Six California monuments created by Presidents Obama and Clinton are on the review list:
- The San Gabriel Mountains monument, which forms a backdrop to Los Angeles.
- The Mojave Trails and Sand to Snow monuments in the Southern California desert.
- The Giant Sequoia monument in the southern Sierra Nevada.
- The Carrizo Plain monument on the southwestern edge of the San Joaquin Valley.
- The Berryessa Snow Mountain in Northern California.
Monument designation adds another layer of protection to federal lands, typically putting them off limits to oil and gas development or limiting logging and grazing.
Presidents have the authority to designate monuments under the Antiquities Act of 1906, which President Theodore Roosevelt used to set aside more than 800,000 acres in Arizona that later became Grand Canyon National Park.
In his letter Thursday, Becerra echoes arguments made by conservationists and many environmental attorneys: While the Antiquities Act gives presidents the authority to create monuments, it does not give presidents the authority to undo or modify them. That power belongs solely to Congress.
In announcing the review, the Trump administration specifically mentioned two big Utah national monuments as an example of federal overreach: Grand Staircase-Escalante National Monument and the Bears Ears National Monument.
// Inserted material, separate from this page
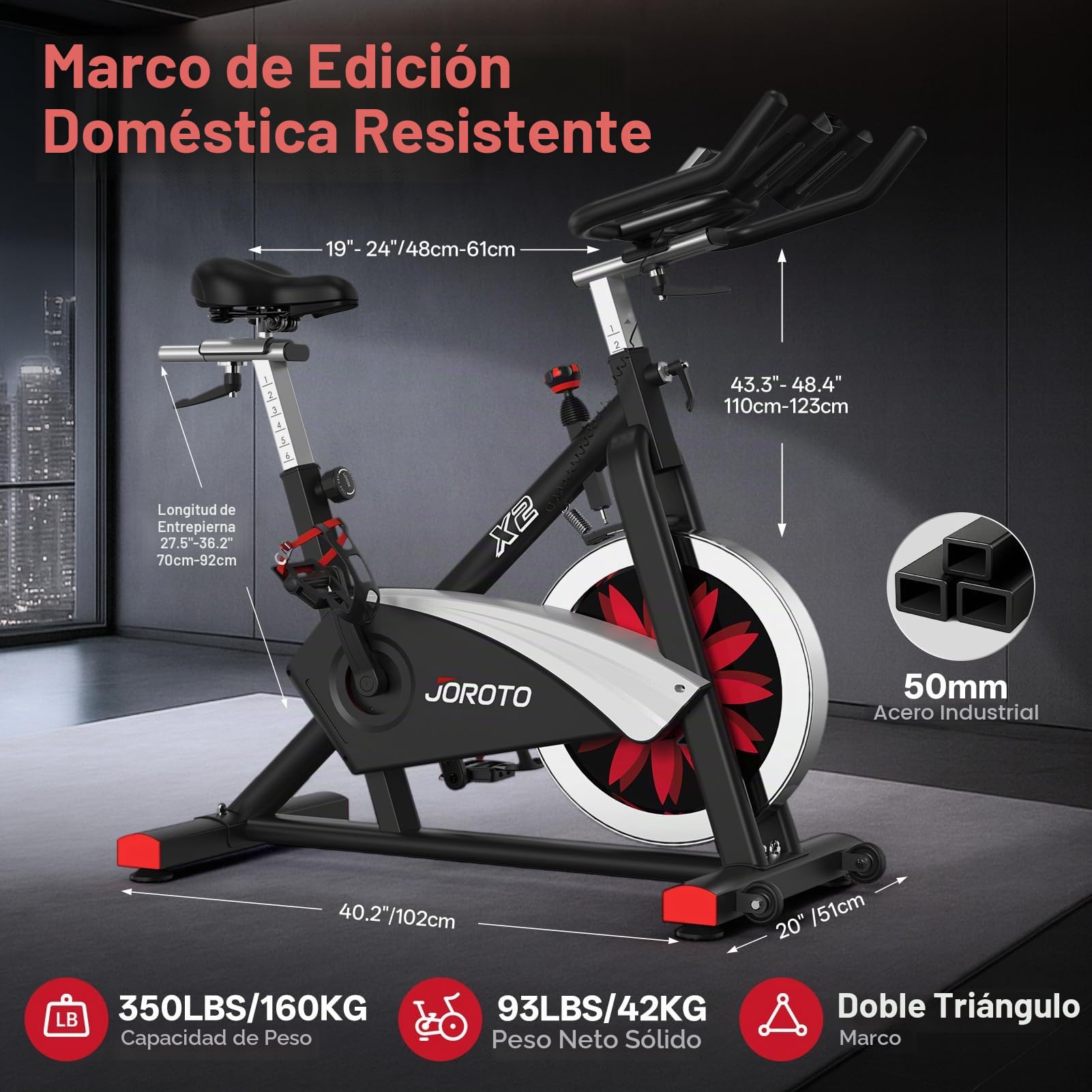 JOROTO X2 Bicicleta estática estática | X2PRO Bluetooth magnético correa de transmisión para interiores bicicleta, 300 libras de carga para bicicletas de fitness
Both were controversial in a state that has frequently chafed under federal control of large chunks of its land.
In California, timber interests opposed creation of the Sequoia monument in Sequoia National Forest because Clinton banned commercial logging in and around nearly three dozen giant sequoia groves.
For the most part, however, the six California monuments were widely supported.
Becerra predicted that California will not be the only state to fight Trump’s executive order.
“I expect that I will be joined by many of this country’s state attorneys general in using all of the legal tools at our disposal to ensure that the rule of the law is followed,” he wrote.
Asked for comment, the Interior Department’s press office referred The Times to the news release that accompanied the executive order.
“For years, the people of Utah and other rural communities have voiced concern and opposition to some monument designations. But too often in recent history, exiting presidents make designations despite those concerns,” Zinke stated.